▶ _What needs to be done_
Produce a perfect copy of the listing, matching each line.

▶ _Study material_
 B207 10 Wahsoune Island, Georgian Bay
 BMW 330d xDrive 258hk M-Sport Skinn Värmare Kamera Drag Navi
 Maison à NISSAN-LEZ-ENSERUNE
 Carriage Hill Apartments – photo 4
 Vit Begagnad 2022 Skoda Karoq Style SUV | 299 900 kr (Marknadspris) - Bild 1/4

▶ _Output below_
 B207 10 Wahsoune Island, Georgian Bay
 BMW 330d xDrive 258hk M-Sport Skinn Värmare Kamera Drag Navi
 Maison à NISSAN-LEZ-ENSERUNE
 Carriage Hill Apartments – photo 4
 Vit Begagnad 2022 Skoda Karoq Style SUV | 299 900 kr (Marknadspris) - Bild 1/4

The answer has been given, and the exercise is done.